The existing documentation is pretty good, and includes a few detailed examples, such as the one below that returns the number of google search results for some given keywords:

var nodeio = require('node.io');
var options = {timeout: 10};

exports.job = new nodeio.Job(options, {
    input: ['hello', 'foobar','weather'],
    run: function (keyword) {
        var self = this, results;
        this.getHtml('http://www.google.com/search?q=' + encodeURIComponent(keyword), function (err, $) {
            results = $('#resultStats').text.toLowerCase();
            self.emit(keyword + ' has ' + results);
        });
    }
});

Running this from the command line gives you the following output:

$ node.io google.js 
hello has about 878,000,000 results
foobar has about 2,630,000 results
weather has about 719,000,000 results
OK: Job complete

Scraping Multiple Pages

Unfortunately some of the documentation simply says coming soon, so you're left to guess the best way to put together more advanced scraping workflows. For example, I wanted to scrape the search results from GitHub. If you search for "django" then you (currently) get 6067 results spread over 203 pages.

What I could figure out from the documentation is that a node.io job passes through several stages: input, run, reduce, and output. The documentation also mentions that multiple invocations of the run method can be run in parallel, so the logical thing to do seems to be to pass in the page number to run, and have it scrape the results from a single page. You can then scrape lots of different pages in parallel.

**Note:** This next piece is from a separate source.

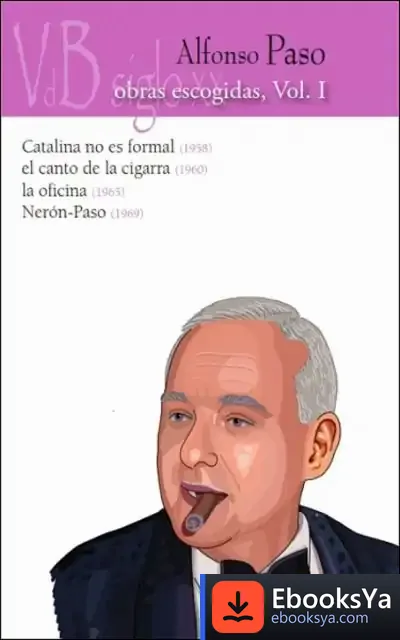 Descargar Alfonso Paso. Obras Escogidas Vol. 1 de Alfonso Paso Gil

To calculate the total number of pages, and pass the page numbers to the run method, I implemented an input method. There's not much documentation on this, but the key thing is to make sure it returns false once you're done, otherwise it'll keep getting called again and again. The other key thing is that you need to pass your data to the run method via the callback function, and it needs to be wrapped in an array. Here's the complete GitHub search results scraper:

var nodeio = require('node.io');
exports.job = new nodeio.Job({benchmark: true, max: 50}, {
    input: function(start, num, callback) {
        if(start !== 0) return false; // We only want the input method to run once
        var self = this;

        this.getHtml('https://github.com/search?type=Repositories&language=python&q=django&repo=&langOverride=&x=0&y=0&start_value=1', function(err, $) {
            if (err) self.exit(err);
            var total_pages = $('.pager_link').last().text;
            for(var i = 1; i < total_pages; i++) {
                callback([i]); // The page number will be passed to the run method
            }
            callback(null, false);
        });
    }, 
    run: function(page_number) {
        var self = this;
        this.getHtml('https://github.com/search?type=Repositories&language=python&q=django&repo=&langOverride=&x=0&y=0&start_value=' + page_number, function(err, $) {
            if (err) {
                console.log("ERROR", err);
                self.retry();
            }
            else {
                $('.result').each(function(listing) {
                    var project = {}
                    var title = $('h2 a', listing).fulltext;
                    project.author = title.substring(0, title.indexOf(" / "));
                    project.title = title.substring(title.indexOf(" / ") + 3);
                    project.link = "https://github.com" + $('h2 a', listing).attribs.href; 
                    var language = $('.language', listing).fulltext;
                    project.language = language.substring(1, language.length - 1); // Strip of leading and trailing brackets
                    project.description = $('.description', listing).fulltext
                    self.emit(project)
                });
            }
        });
    }
});

While my solution works I'm sure it's not optimal. By implementing an input method there's no way to specify a search term from the command line, which is far from ideal. Hopefully I'll be able to improve the scraper once some additional documentation is written, or after I've dug through the node.io code some more.

There's lots more than node.io can do. It has built in functions to do things like calculate the pagerank of a domain, resolving domain names to IPs, and lots of other useful utilities. Like Node.js it also has full support for coffeescript. It's a fantastic tool to have in your toolbox!